Note that the archive contained two source files that were not present in Assignment 1: RelationalAlgebra.h and RelationalAlgebra.cpp. RelationalAlgebra.h specifies the interface you are to implement, with documentation describing the behavior of each function. You will need to fill in the functions in RelationalAlgebra.cpp.

Row

The Row class is a little different from the version in Assignment 1. In this assignment, the Row class has a new member function: at(unsigned), for accessing fields of the row by subscript. So this assumes that the implementation of Row is a vector or array. If your implementation did something different, you will need to modify your Row implementation accordingly.

RelationalAlgebra

RelationalAlgebra.h contains declarations of the functions comprising Relational Algebra:
Table *onion(Table *r, Table *s); Table *intersect(Table *r, Table *s); Table *diff(Table *r, Table *s); Table *product(Table *r, Table *s); Table *rename(Table *r, const NameMap &name_map); Table *select(Table *r, RowPredicate predicate); Table *project(Table *r, const ColumnNames &columns); Table *join(Table *r, Table *s);

(Note that union is a keyword in C++, so the union operator is represented by the onion function.)

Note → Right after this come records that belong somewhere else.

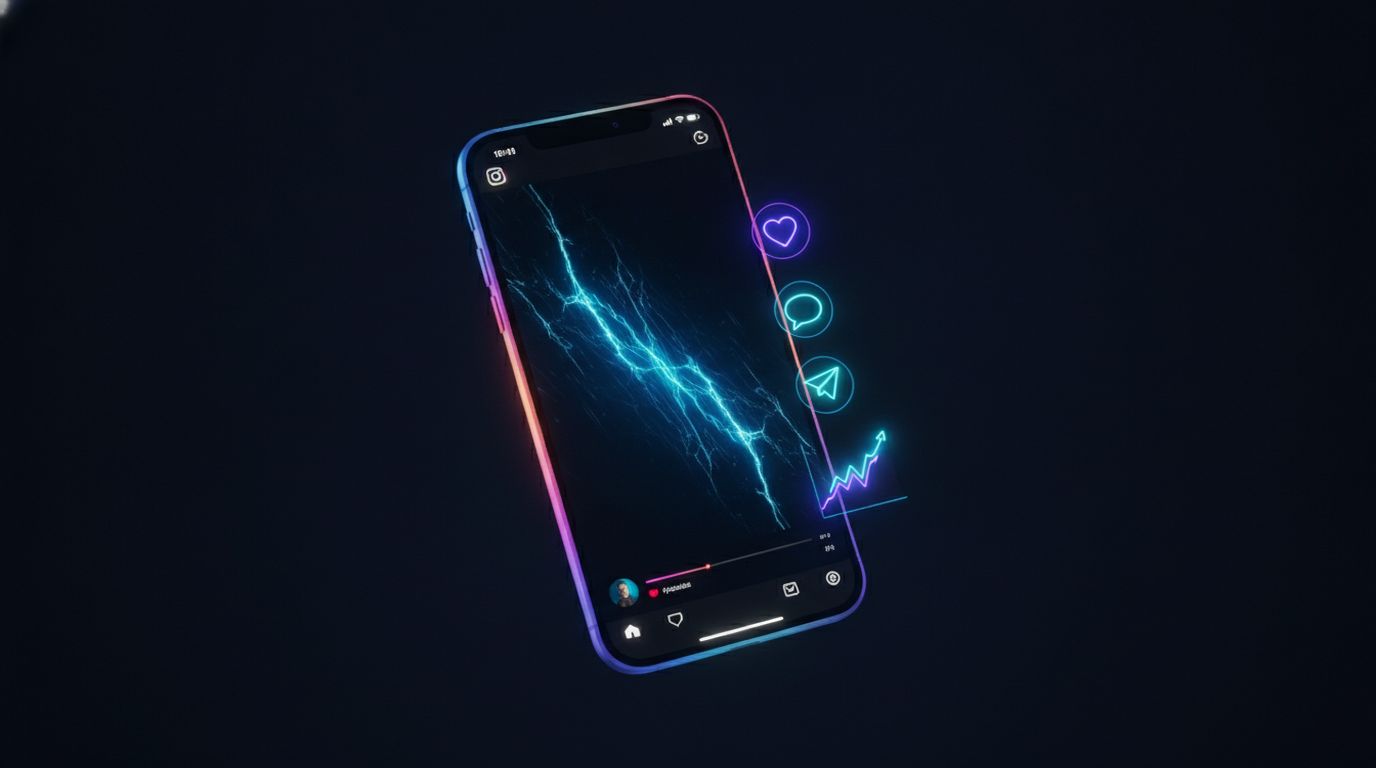 成長曲線とともにInstagramのリールを表示するスマートフォン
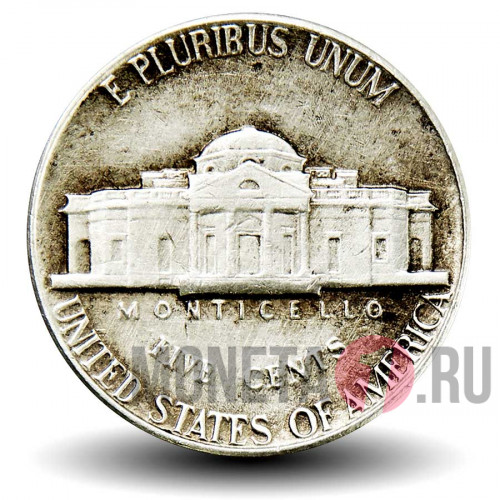 5 центов 1980 года - Усадьба Монтичелло (Monticello) - США - D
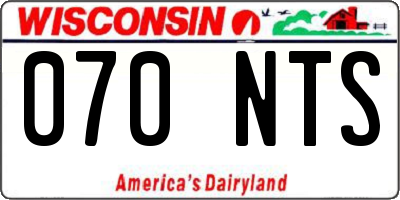 WI license plate 070NTS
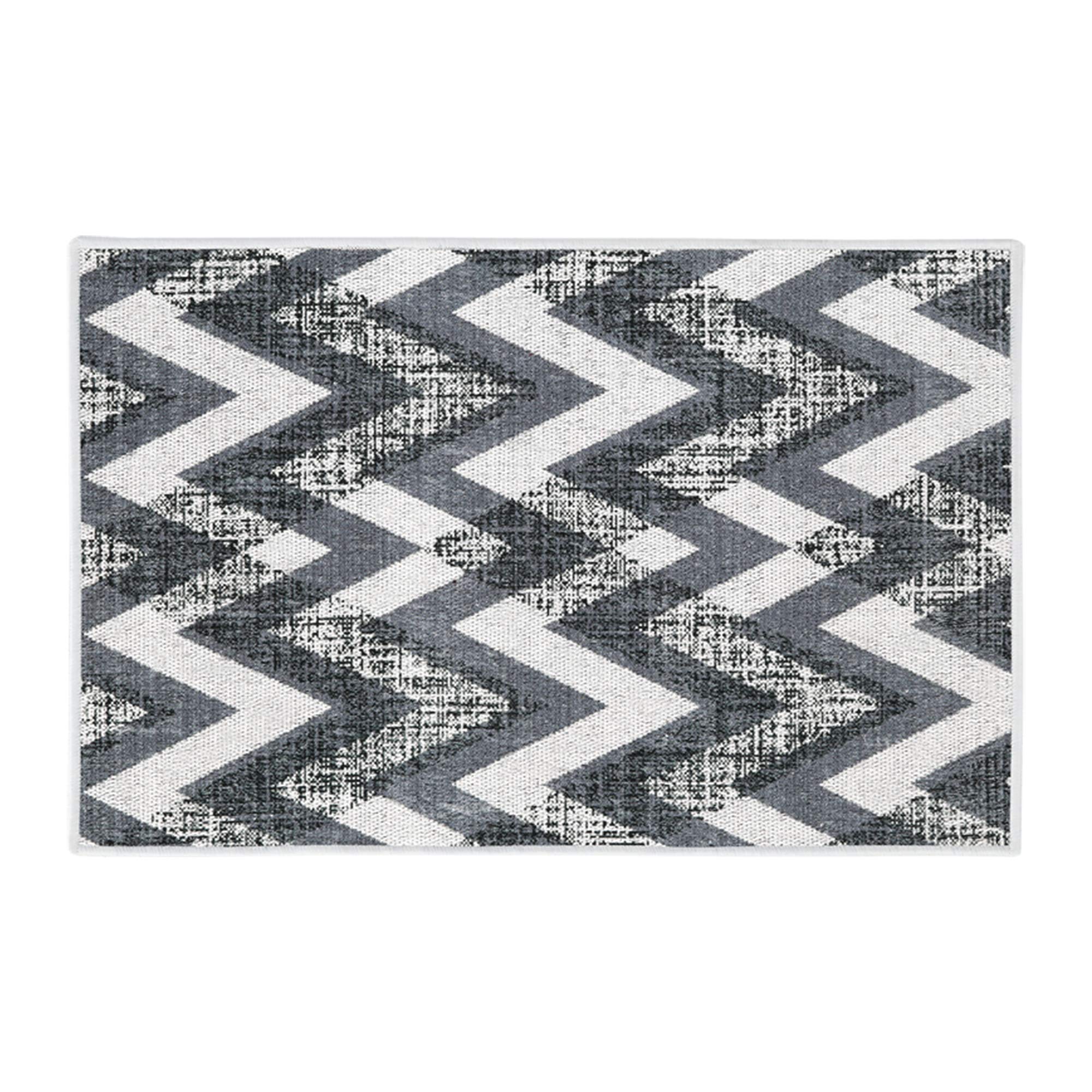 Non-Slip Washable Area Rug - Ultra Thin Laundry Room, Bathroom, Kitchen & Entryway Floor Mat (20x31.5 Inch, Chevron Gray) | Perfect for High Traffic Areas & Pet-Friendly Homes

Comments in RelationalAlgebra.h explain the behavior of each operator, along with a discussion of possible exceptions. You will need to implement these functions, in RelationalAlgebra.cpp. Your implementation will rely on the Database, Table and Row types, and as you proceed, you may find it useful to extend the interfaces of these types, (i.e., add member functions). Don't modify the provided interfaces, as the tests will then probably not compile.

Tables need names, but we don't really care about the names of these tables, (we don't use the names in any way). You can use Database::new_table_name() to generate a table name that will be guaranteed to be unique.

Each Relational Algebra operator creates a new table containing new rows. Yes, even rename. Specifically:

Tests

The unit tests are contained in test.cpp. main.cpp has the main() function which simply invokes the tests.

test.cpp contains 36 tests that test your relational algebra implementation, both "positive" cases (e.g. compute an intersection and see that the results are as expected), and "negative" ones, (e.g. try inserting a row with three columns into a table created with two columns).

Here is a typical positive test:
static void union_compatible_both_non_empty() { Table* r = Database::new_table("r", ColumnNames{"a", "b"}); add(r, {"1", "44"}); add(r, {"1", "55"}); add(r, {"2", "66"}); Table* s = Database::new_table("s", ColumnNames{"b", "a"}); add(s, {"1", "44"}); add(s, {"3", "77"}); Table* control = Database::new_table("control", ColumnNames{"x", "y"}); add(control, {"1", "44"}); add(control, {"1", "55"}); add(control, {"2", "66"}); add(control, {"3", "77"}); assert(table_eq(control, onion(r, s))); }

This creates two tables, r and s, both with columns a and b (in different orders). Rows are added to the tables. Note that the {"1", "44"} row is added to each. Next, a control table is created. This table contains the expected result. In this table, note that {"1", "44"} appears once, because the output of any relational algebra operation is a table, and tables do not have duplicates. A buggy implementation might have two occurrences, violating uniqueness, and this would cause the test to fail.

The last statement in the code compares the union of r and s with the control, and asserts that output from the union and the control should have the same rows.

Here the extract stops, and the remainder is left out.